I tend to lose pressure and whatnot when I change the yeast sugar bottle. Also I am thinking that a solid way to adjust the amount of co2 going in is to use the valve. Obviously the danger here is pressure making the water bottle burst. But I think that would be easier to clean than a yest bottle bursting....maybe....

The co2 flows into the second bottle below the water line. this might possibly clean the co2 as well as keep a sort of air trap between it and the outside world, so when you remove the yeast bottle to repleace it, you don't lose the co2 pressure.

I have not put in backflow valves, but they would be in for sure. Not sure the best location, so if anyone is creative enough to want to add, be my guest.

Also the first tube from the co2 reactor might be a valve as well, so it can be turned off too when the bottle is changed. Just thinking here. 
The co2 flows through the bubble counter, where you can control it at the water bottle valve down into the tank into whatever thing you use for mixing it into the water.

Please rip this idea to shreads with useful pointers and whatnot.


----------



## Tabatha (Dec 29, 2007)

This has been done. Unfortunately, we found it slows the CO2 so we removed that part. We used a bubble ladder in our set-up, worked very well!


----------



## ameekplec. (May 1, 2008)

Trying to regulate pressure with DIY systems does not work, as these bottle connections are not made for high pressure applications. You're better off to use a bubble ladder, or a bell to diffuse the CO2 you are generating.


----------



## Tabatha (Dec 29, 2007)

Yup, I agree. Although we didn't have it running for very long, it worked very well. Also, by accident, I used 1 tbsp instead of 1 tsp yeast and it never blew, instead I got really good flow and used the recipe more than once!  Use this recipe at your own risk!


----------



## Sunstar (Jul 29, 2008)

I am getting a bell/ladder thing sometime soon. So a tbsp of yeast eh?


----------



## Tabatha (Dec 29, 2007)

Sunstar said:


> I am getting a bell/ladder thing sometime soon. So a tbsp of yeast eh?


At your own risk. 

I used it in 2L pop bottles and it worked brilliantly with 2c sugar. Also, it lasted a long time in comparison with a tsp yeast.


----------



## ameekplec. (May 1, 2008)

IF (A big one) you want to try to regulate the CO2 release rate, you can take advantage of metabolic activity: the warmer the yeast culture is, the faster it will metabolize the sugar making more CO2. You can leave the CO2 bottle near the light ballast, so that when it is on, it warms the bottle slightly (so put the bottle close, but not on or touching the ballast) raising CO2 production; conversely, when the light is off, the solution cools and the yeast will be less active and make less CO2.

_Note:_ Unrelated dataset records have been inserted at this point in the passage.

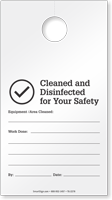 Cleaned and Disinfected for Your Safety Hang Tag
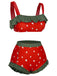 Red 1950s Strawberry Ruffle Strap Swimsuit
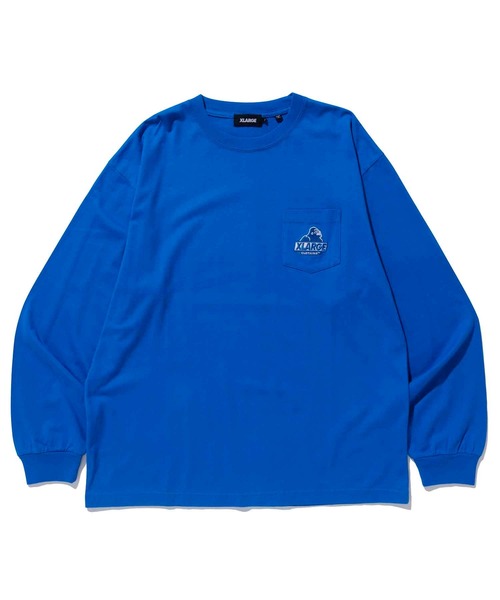 XLARGE（エクストララージ）の「EMBROIDERY SLANTED OG L/S POCKET TEE（Tシャツ/カットソー・メンズ・パープル/グリーン/ブルー/ブラック/ホワイト・S/L/M/XL）」の21枚目の写真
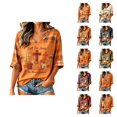 thumbnail image 1 of Women's "Fall For Jesus" Halloween V Neck 3/4 Sleeve T Shirt Faith-Inspired Casual Top, 1 of 4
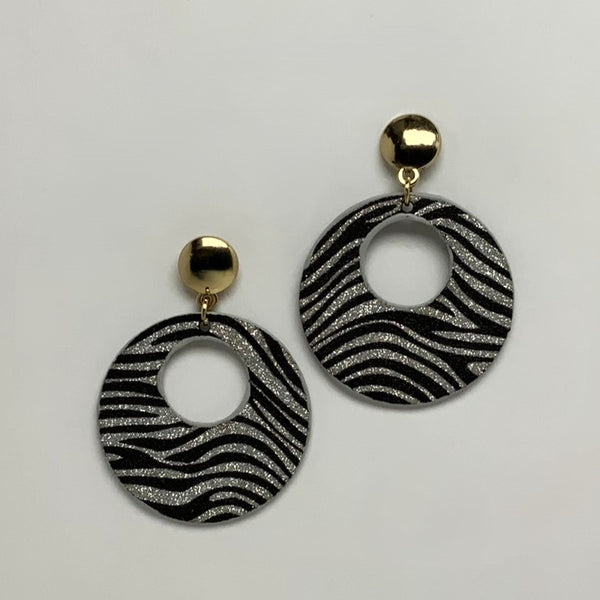 Glitter Zebra Print Earrings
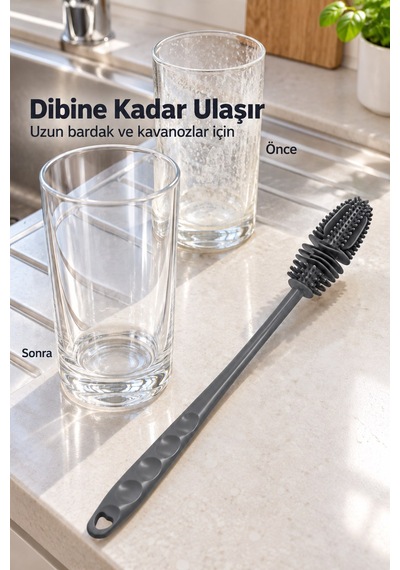Uzun Saplı Silikon Bardak Ve Kavanoz Yıkama Fırçası 28 Cm Biberon Termos
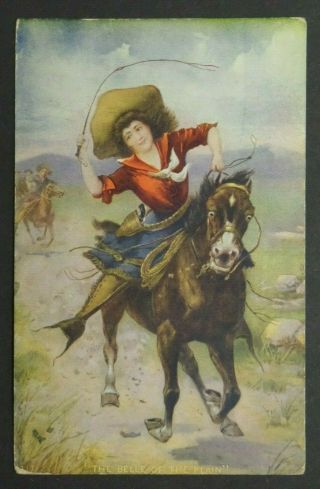 The Belle Of The Plain Cowgirl On Horse Divided Back Postcard 5268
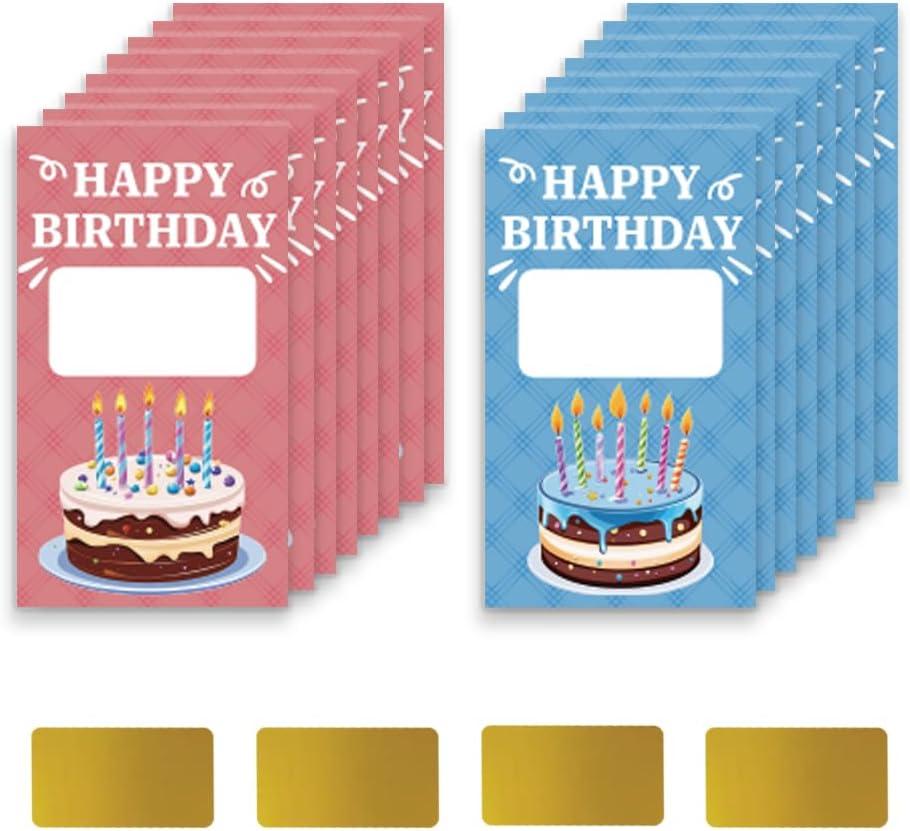 PLIGREAT 120 Pack Happy Birthday Scratch Off Cards DIY Your Own Scratch Off Crads with Stickers Birthday Cake Scratch to Win Tickets DIY Coupon Cards for Birthday Party Game Small Business Supplies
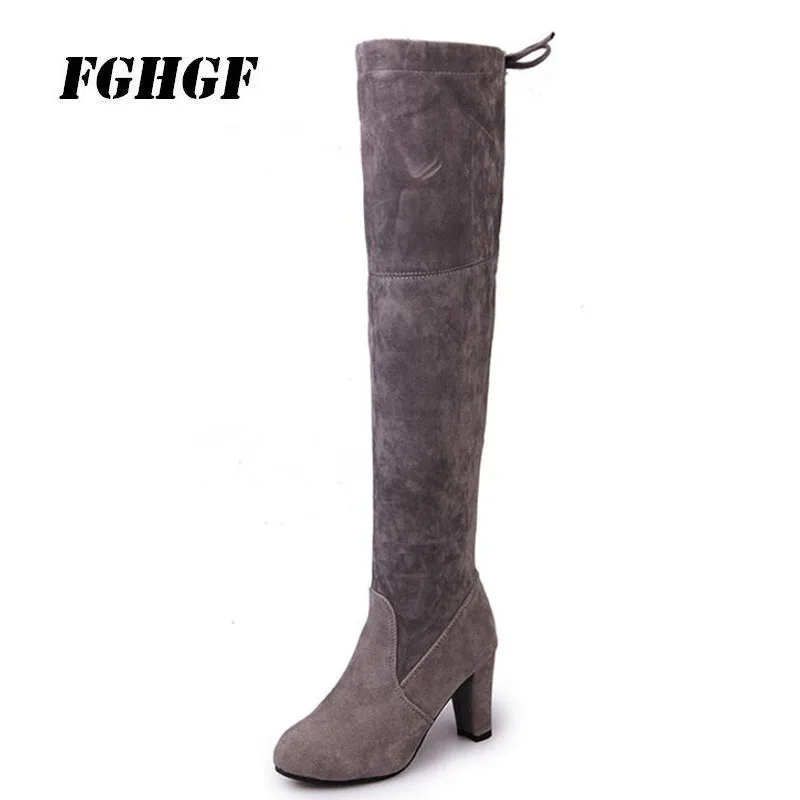 Autumn and winter over the knee boots women's high-heeled stovepipe stretch high slim bo | Обувь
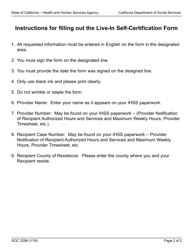 Form SOC2298 In-home Supportive Services (Ihss) Program and Waiver Personal Care Services (Wpcs) Program Live-In Self-certification Form for Federal and State Tax Wage Exclusion - California, Page 2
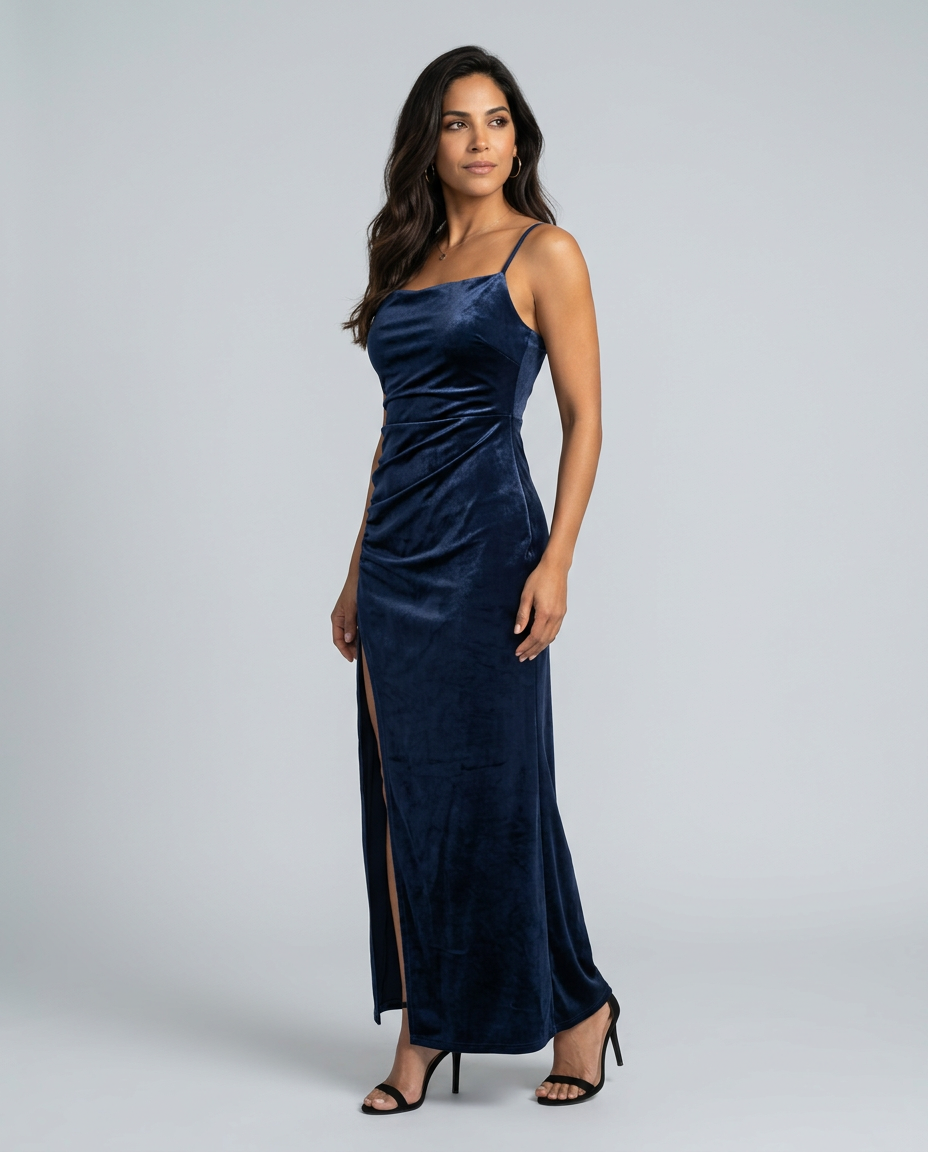 Estrella | Draped Satin-Look Maxi Dress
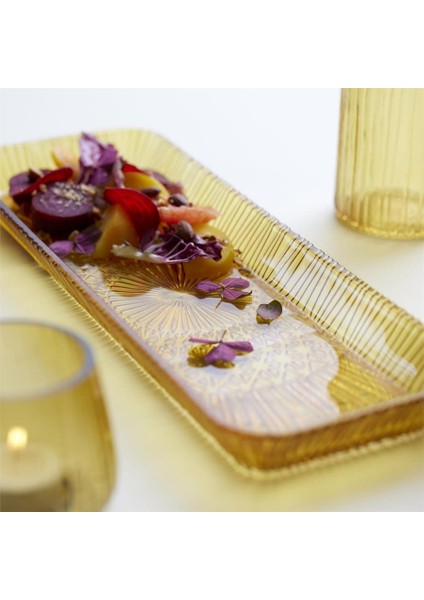 Kusintha Servis Tabağı Dikdörtgen Amber 38 x 14 x 3 cm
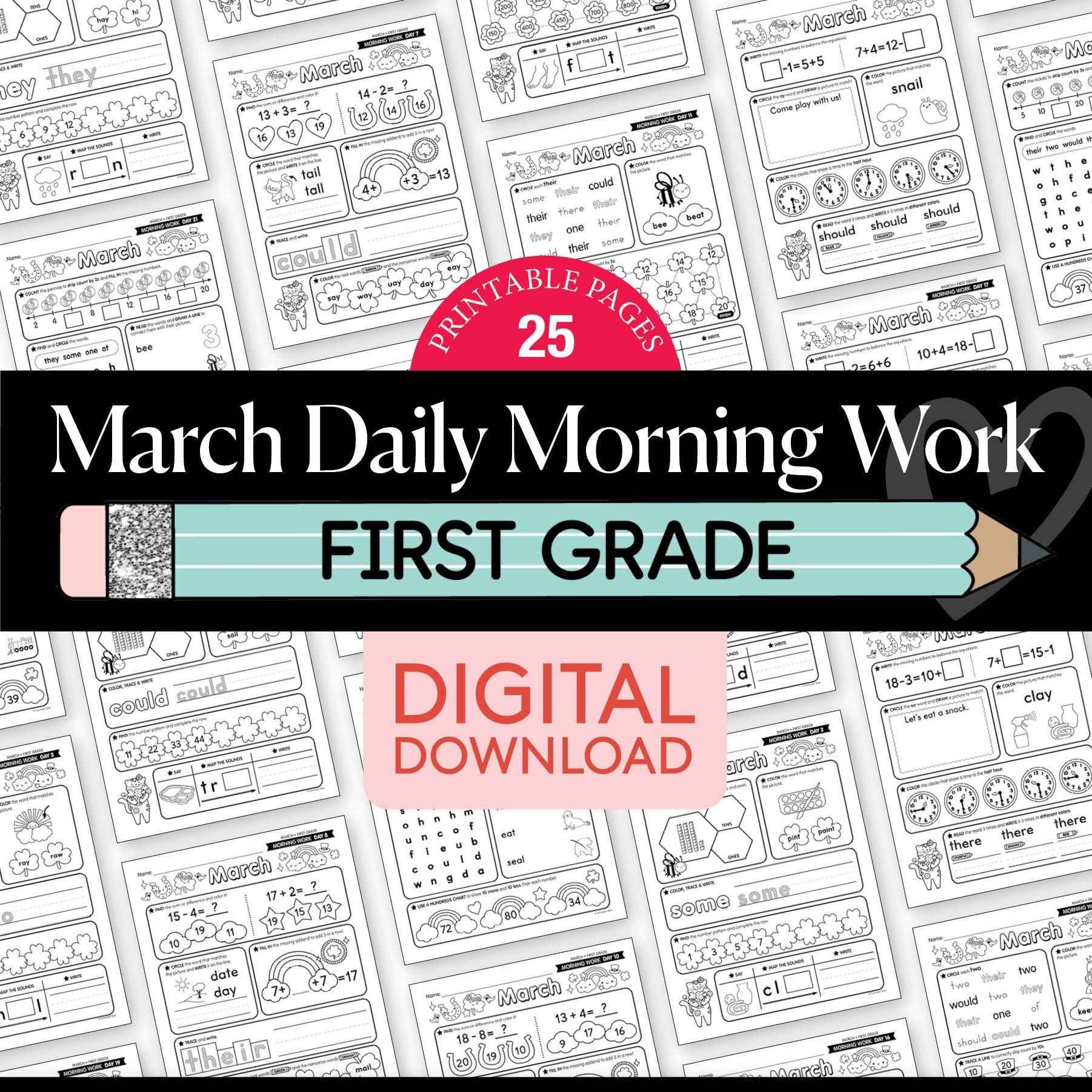 Printable First Grade March Daily Morning Work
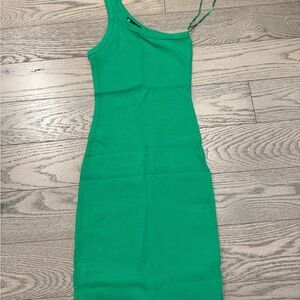 Zara One Shoulder Green Dress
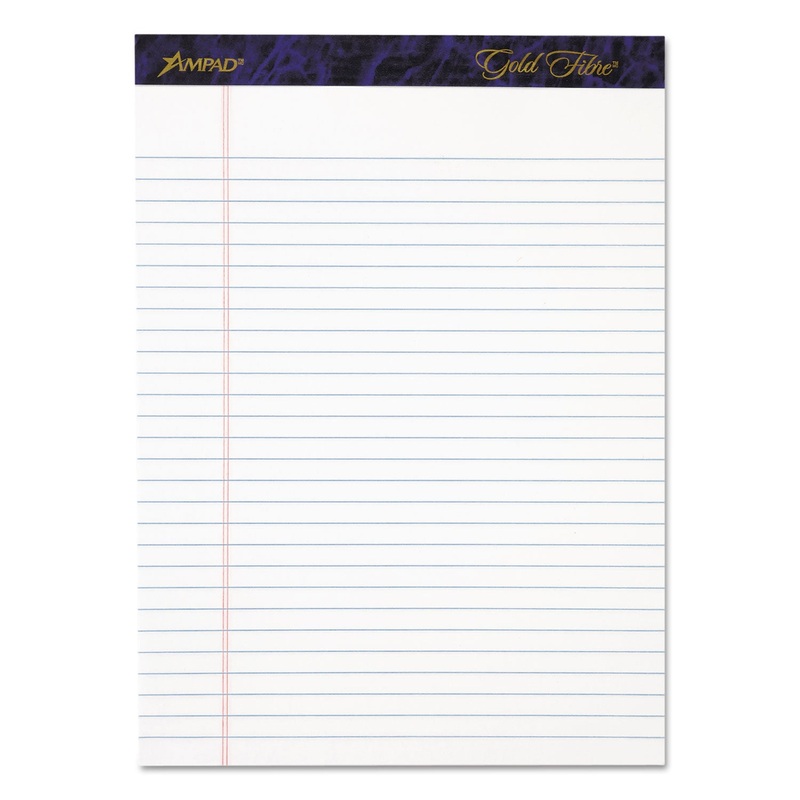 GOLD FIBRE WRITING PADS, WIDE/LEGAL RULE, 8.5 X 11.75, WHITE, 50 SHEETS, 4/PACK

If you try this use less yeast initially.


----------



## Sunstar (Jul 29, 2008)

I am trying to make a co2 bubble ladder, it works sort of so-so. the one I got from china came broke, so I am reverse engineering it. What I need is a disk of pumice or some sort of bubble stone like material that does not disintergrate with co2. I am trying to get a replacement. 

I made the ladder out of hard tubing that i heated over hte stove, and gently wrapped it around a sharpie marker to get the shape. then I poked a hole near the base where the tube attached and stuck it in an undergravel filter tower thingy.


----------